Daisy's Great Depression

I came home on that day, in 1929, from a luncheon at the home of an acquaintance.  It seemed like a normal day.  Sure, Tom had seemed worried the past few days.  He had invested heavily in something called the stock market and had been buying on what he called "credit."  I think I remember him saying something about that stock market thing going down quickly.  I didn't pay any attention to any of those financial worries.  We had been doing so well for so long.  Besides, Tom knew what he was doing.

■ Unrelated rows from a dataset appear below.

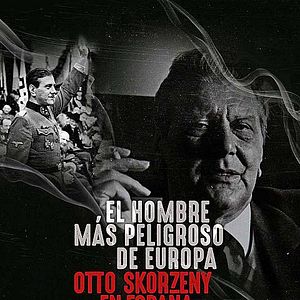 Bilder El hombre más peligroso de Europa. Otto Skorzeny en España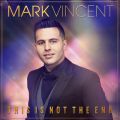 Mark Vincent̋/VO - This Is Not the End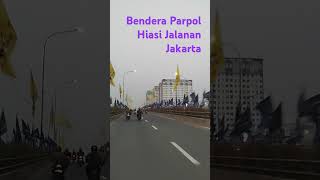 Bendera Parpol Hiasi Jalanan Jakarta #parpol #bendera #jakarta #golkarindonesia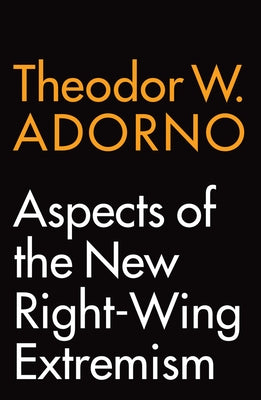 Aspects of the New Right-Wing Extremism by Adorno, Theodor W.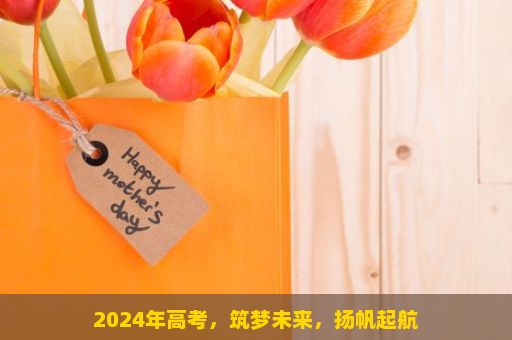 2024年高考，筑梦未来，扬帆起航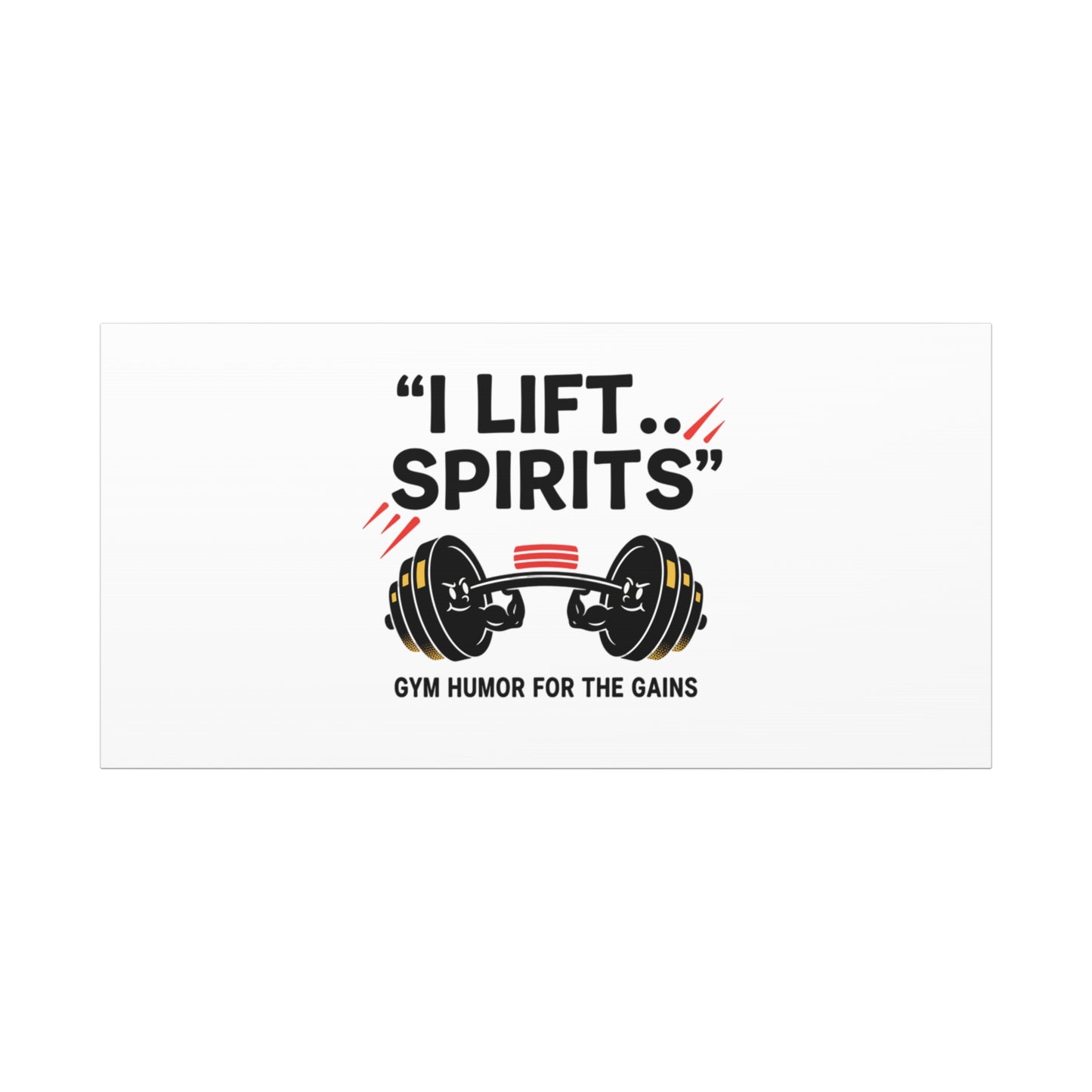 I Lift Spirits Gym Humor Canvas | geometric luxe, chrome accents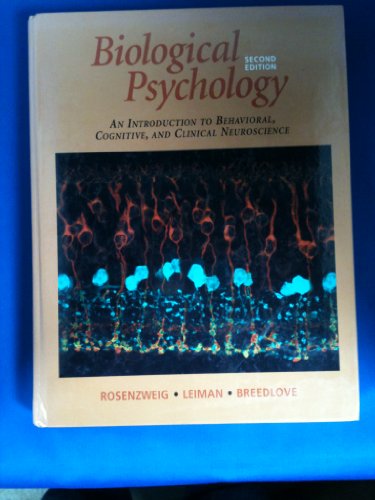 Biological Psychology: An Introduction to Behavioral, Cognitive and Clinical Neuroscience (Book with CD-ROM for Windows and Macintosh) (9780878937912) by Mark R. Rosenzweig; S. Marc Breedlove; Arnold L. Leiman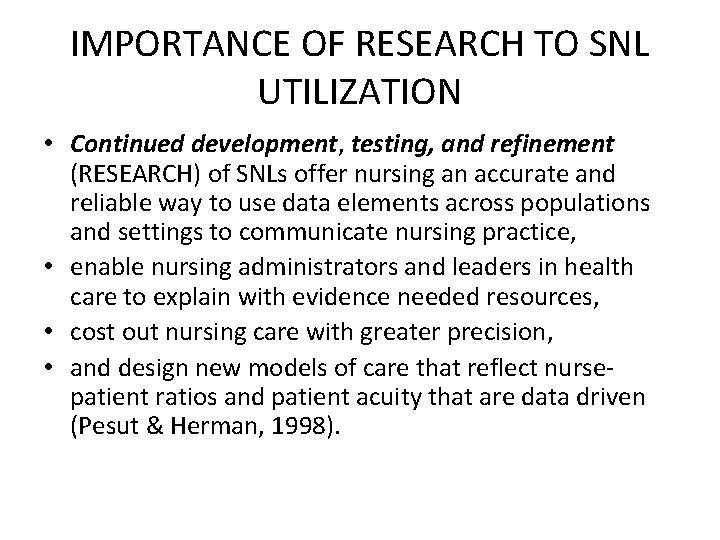 IMPORTANCE OF RESEARCH TO SNL UTILIZATION • Continued development, testing, and refinement (RESEARCH) of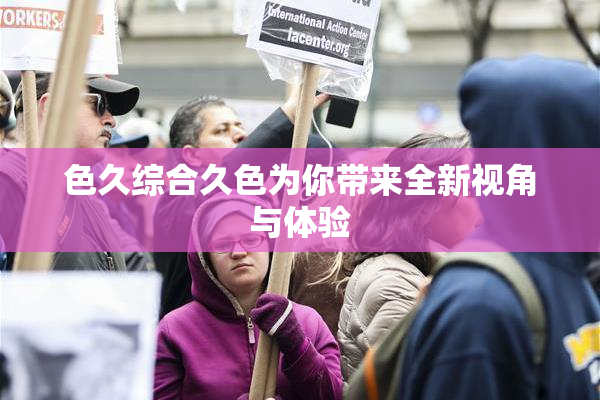 色久综合久色为你带来全新视角与体验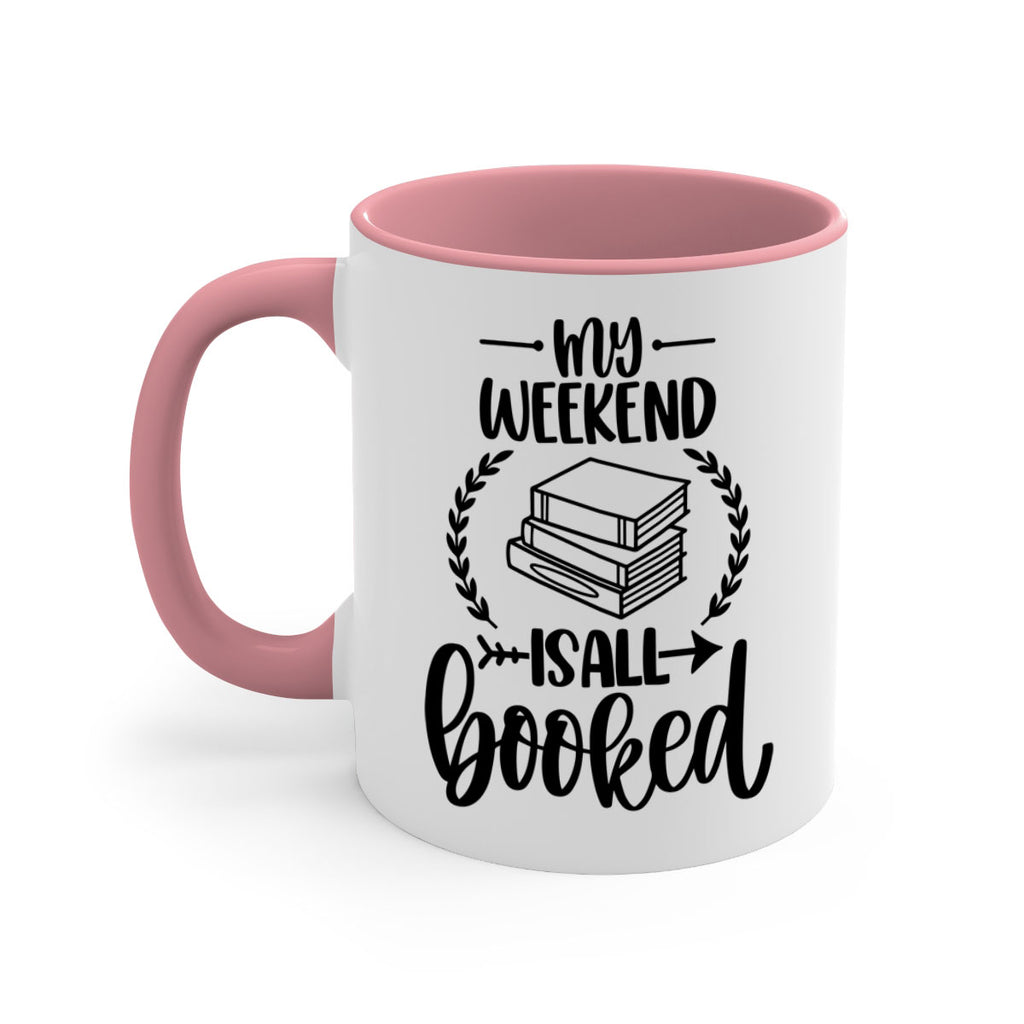 my weekend is all booked 34#- Reading - Books-Mug / Coffee Cup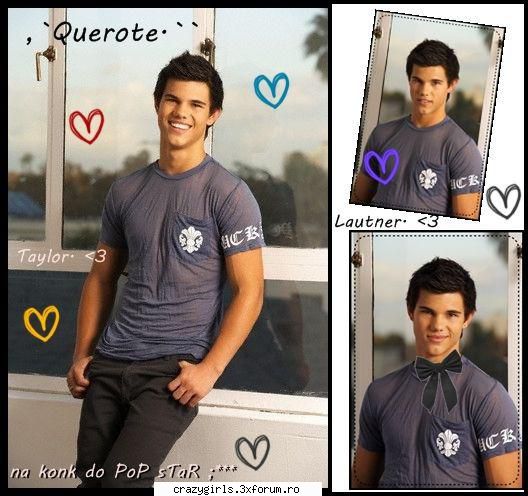 Poze cu Tayolr Lautner - CrazyGirl<3 - Poze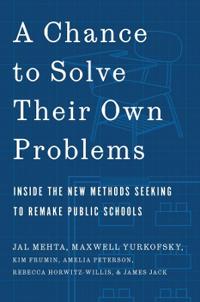 A Chance to Solve Their Own Problems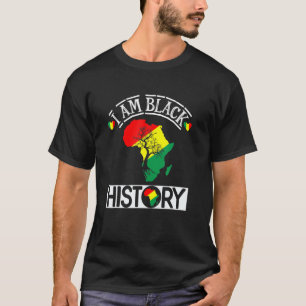 I Am Black History - Black History Month T-Shirt
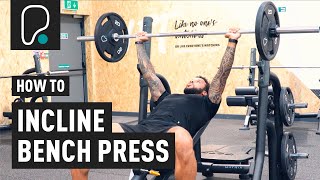 How To Do A Barbell Incline Bench Press [upl. by Lorant]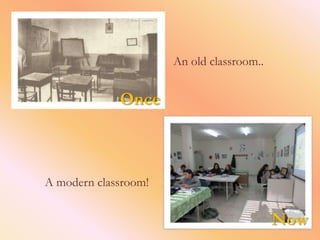 An old classroom..


             Once



A modern classroom!


                                           Now
 
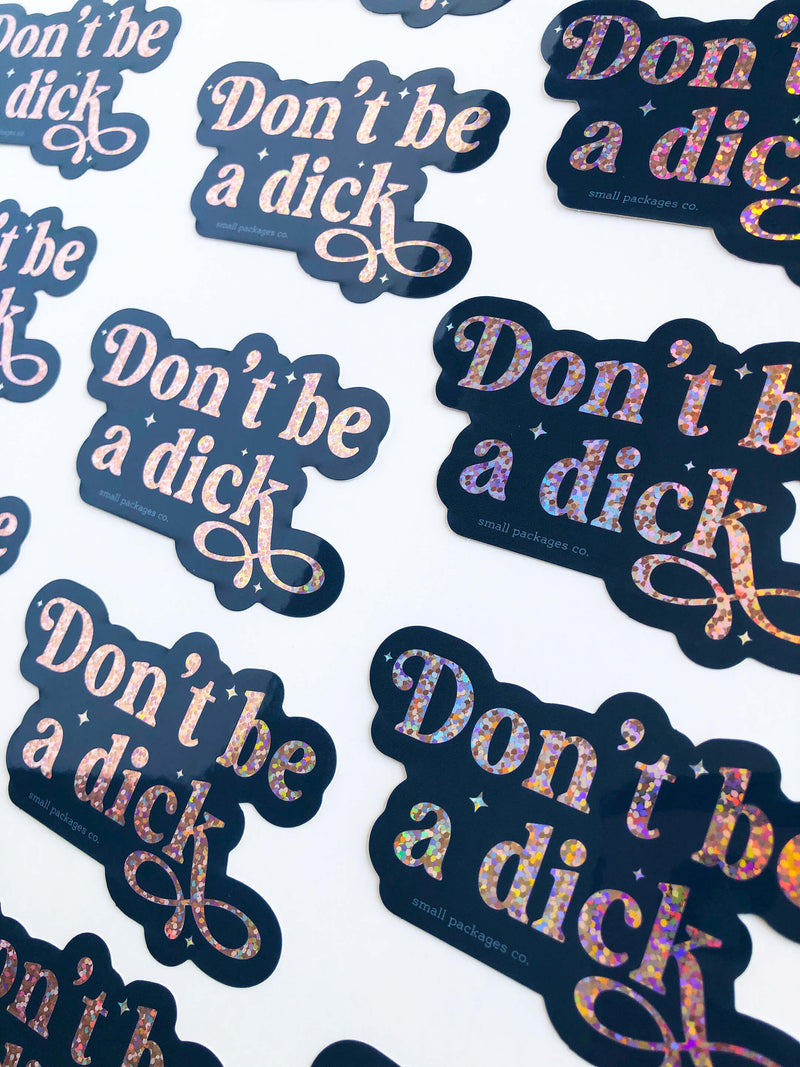 "Don't Be A Dick" Glitter Sticker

Apparently that rat bastard knew exactly what he was doing when he shot himself that day.  I walked into our bedroom without even noticing the red stain on the scarlet rug.  It wasn't until I tripped over his mistress' hand that I looked behind the bed and saw their bodies on the floor.  He had the decency to murder his mistress along with himself, but had forgotten the life of poverty that he had left to little Pammy and me.  He had left us nothing.  Nothing.  The word had always seemed unreal to me.  The concept was so completely foreign to me that I truly didn't believe it existed.  The monster of nothingness from the deep seas of my nightmares overwhelmed me at that moment like a shock wave.  Four years later we are living a life of poverty.  Pammy is starving away, and I find myself desperately searching for every drop of alcohol I can get my hands on.  All the while I can't help wondering, "Would Jay have been so careless?"